ГЕНРИ. Может, я все-таки попытаюсь…
ЭЛЛЕН. Прежде чем мы начнем ликвидировать последствия этого прискорбного деяния собаки, может, нам обсудить наши дела? Вы понимаете, песик уже сделал все, что мог, а мы еще даже не начинали… Ой, какой-то глупый получается разговор, правда?
(ЭЛЛЕН начинает смеяться, да так заразительно, что ГЕНРИ присоединяется к ней. Но быстро вновь становится серьезным).
ГЕНРИ. Вы хотите сыграть Офелия в новой постановке?
ЭЛЛЕН. Я думала, вы так и не спросите.
ГЕНРИ. Слава Богу. Я позабочусь о том, чтобы ваш ковер вычистили немедленно, и оплачу все расходы, хотя, сегодня воскресенье и могут возникнуть определенные трудности с поиском…
ЭЛЛЕН. Я думаю, что мы сумеем справиться сами, если проявим должное усердие и напряжем воображение.
ГЕНРИ. Согласен с вами.
ЭЛЛЕН. Я в этом не сомневаюсь. Ведь мы творческие люди, так?
ГЕНРИ. Так мы достигли взаимопонимания?
ЭЛЛЕН. Да. (Протягивает руку, ГЕНРИ ее пожимает и получает пригоршню теста). Ой, извините. Он такой маленький, ваш песик.
ГЕНРИ. Да, он маленький. Остается вопрос вашей оплаты. За исполнение роли Офелии.
ЭЛЛЕН. Я уверена, вы заплатите мне, сколько я заслуживаю, мистер Ирвинг. И я обещаю не держать зла на вашего песика. Я очень, очень люблю животных. Прощаю им все. Это одна из самых больших моих слабостей. Избыточная нежность, актерский голос. Вы тоже, полагаю.
ГЕНРИ. Простите?
ЭЛЛЕН. У вас есть аналогичные слабости?
ГЕНРИ. Нет. Я не могу позволить себе слабость.
(Пауза).
ЭЛЛЕН. О? Как же вам, должно быть, грустно. Но у вас есть собака. Я хочу сказать, человеку, который заводит собаку, свойственна хоть какая-то слабость. Собаку заводят только ради любви. Для чего еще?

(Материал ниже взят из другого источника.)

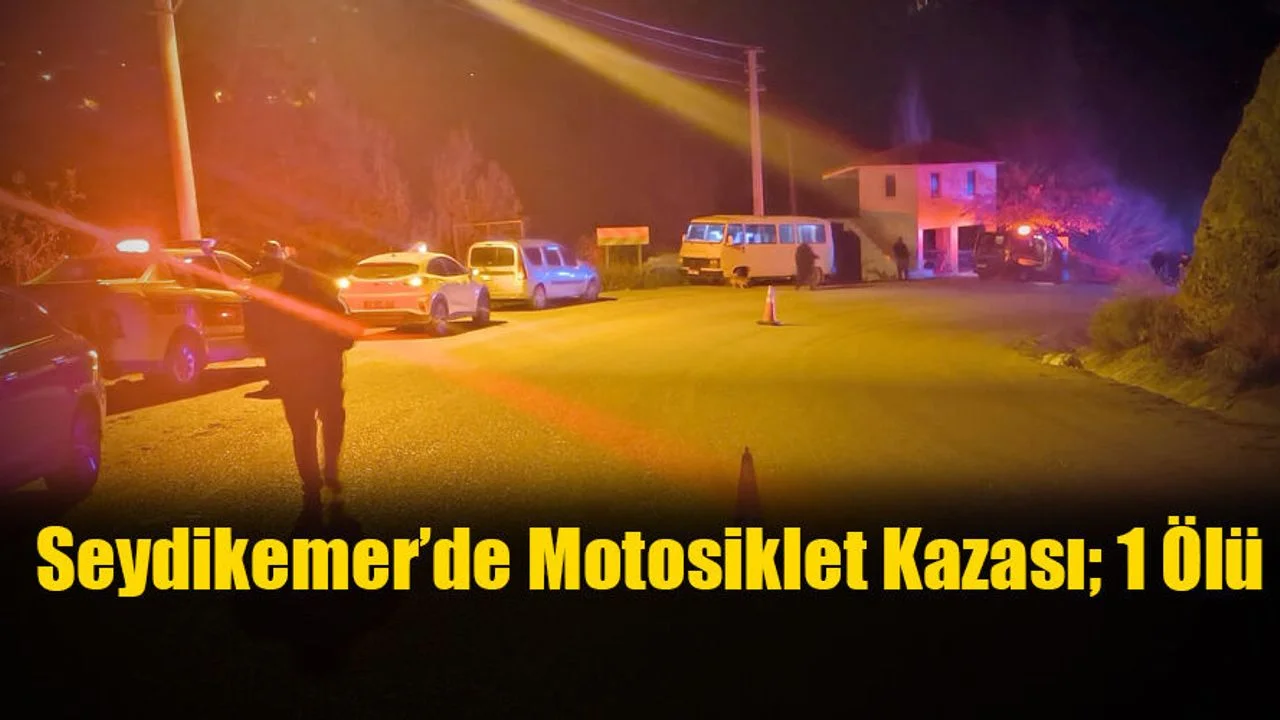 Seydikemer’de Motosiklet Kazası; 1 Ölü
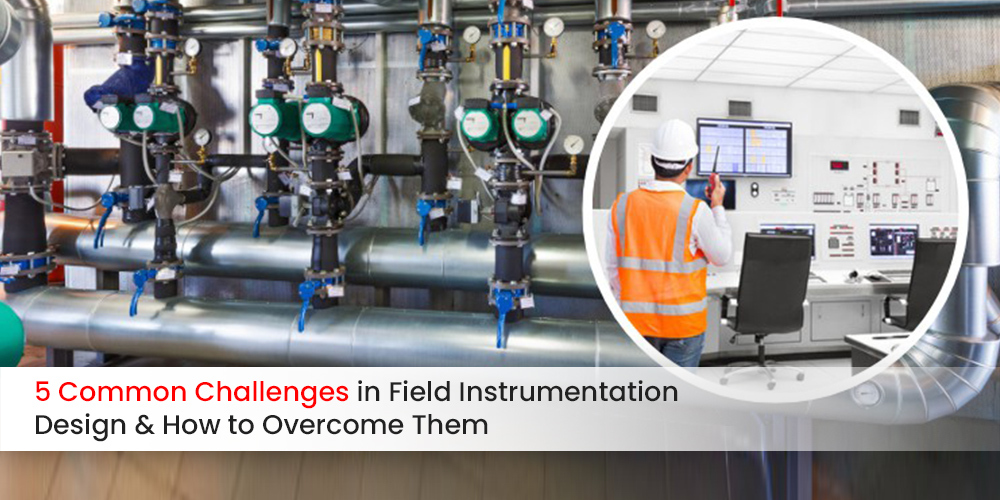 Field Instrumentation Design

ГЕНРИ. Да, что ж, миссис Терри, жизнь полна маленьких загадок, так?
ЭЛЛЕН. Да, да, это точно. (Они смотрят друг на друга). Значит так. Вроде бы у меня где-то есть старая ложка для подливы. Как думаете, для этого подойдет? Дома у нас были разные животные, так что приходилось сталкиваться со всякими проблемами, но, боюсь, грязную работу я всегда оставляла на Фреда[6], моего брата. Вы знаете Фредди? Он такой душка. Всегда делает то, что я от него хочу. Иногда я даже тревожусь за него. Постоянно находиться среди всех этих актрис. Они его просто зашпыняют.

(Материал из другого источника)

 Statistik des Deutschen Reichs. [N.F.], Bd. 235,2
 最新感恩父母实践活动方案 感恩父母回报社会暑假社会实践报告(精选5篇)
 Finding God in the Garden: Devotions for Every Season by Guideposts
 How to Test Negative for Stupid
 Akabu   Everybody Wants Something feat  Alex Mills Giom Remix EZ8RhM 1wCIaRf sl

(ЭЛЛЕН говорит и ходит в поисках нужной кухонной принадлежности, а Генри снимает пиджак и достает блокнот, поэтому, когда она скрывается в тенях, он уже готов обратиться к своей труппе, собравшейся в театре «Лицеум». Нет ни затемнения, ни паузы. ЭЛЛЕН появится в конце выступления ГЕНРИ, избавившись и от теста, и от фартука).